> **The task**
From the line that contains "Beretta Highland Heritage BWR Sweater" through the last line of the data, copy everything exactly and nothing else, omitting the pictures.

::::::::::

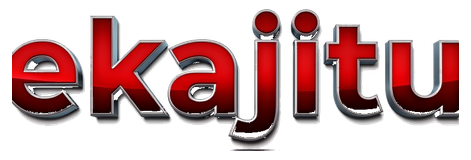 ekajitu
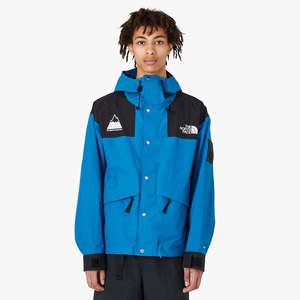 海外限定ORIGINS 86 MOUNTAIN JACKETブルーL新品1986 楽天市場】ノースフェイス THE NORTH FACE マウンテンジャケット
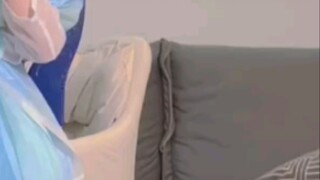 Saya juga ingin memiliki hubungan cinta yang abadi hingga mati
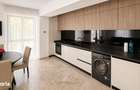 Apartament 2 camere I Floreasca I Inchiriere - 5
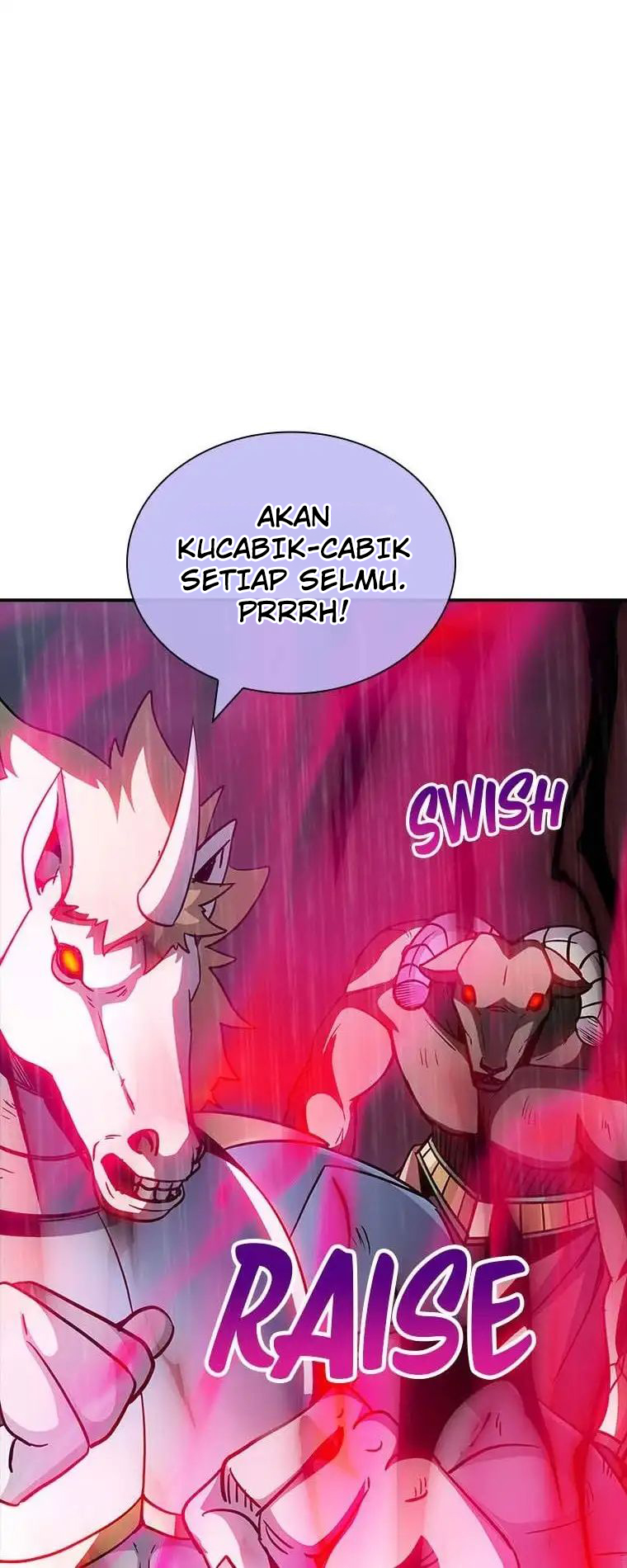 Halaman 256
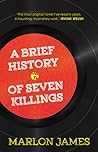 A Brief History o...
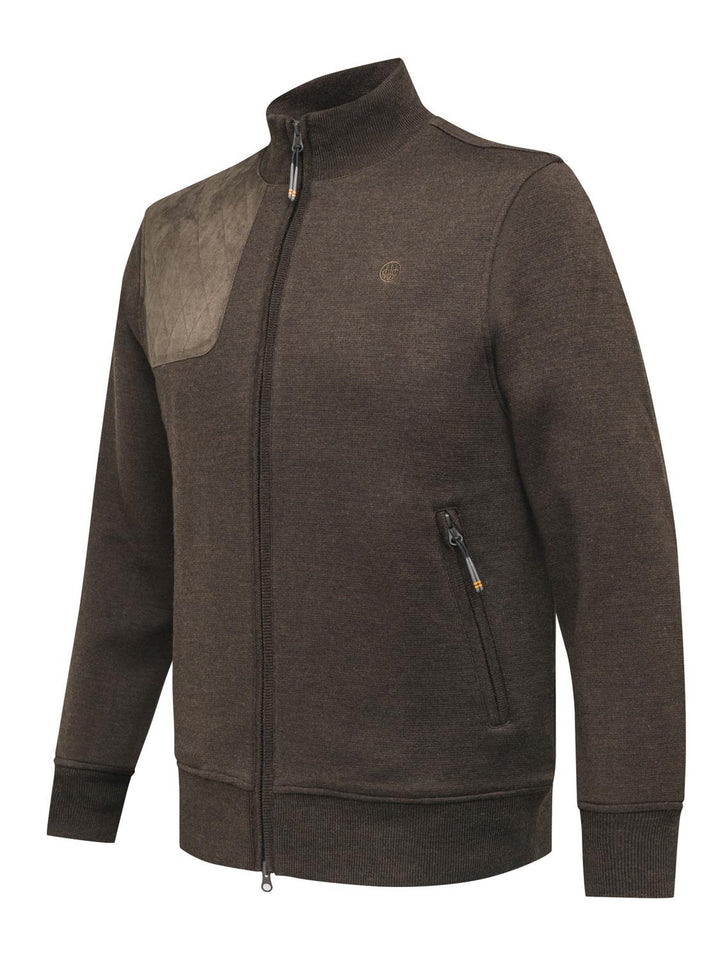 Beretta Highland Heritage BWR Sweater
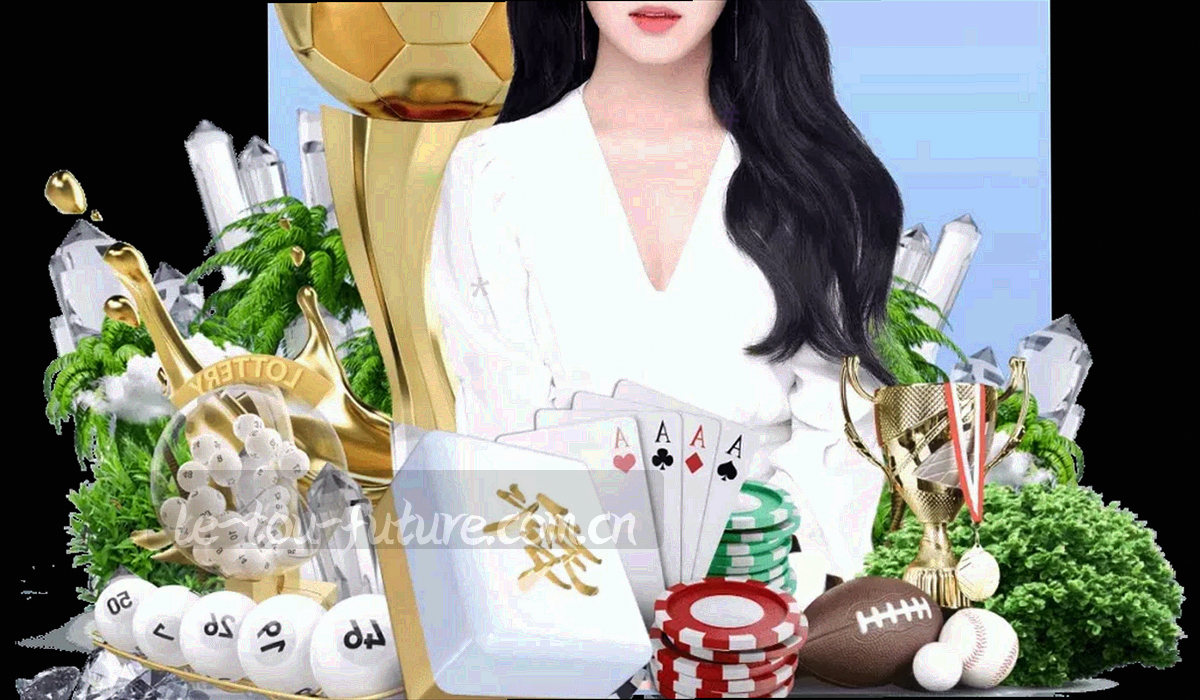 焕新服务面板六项结构示意，第 2 项为适配清单与使用记录对照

::::::::::

> **Answer area**
 Beretta Highland Heritage BWR Sweater
 焕新服务面板六项结构示意，第 2 项为适配清单与使用记录对照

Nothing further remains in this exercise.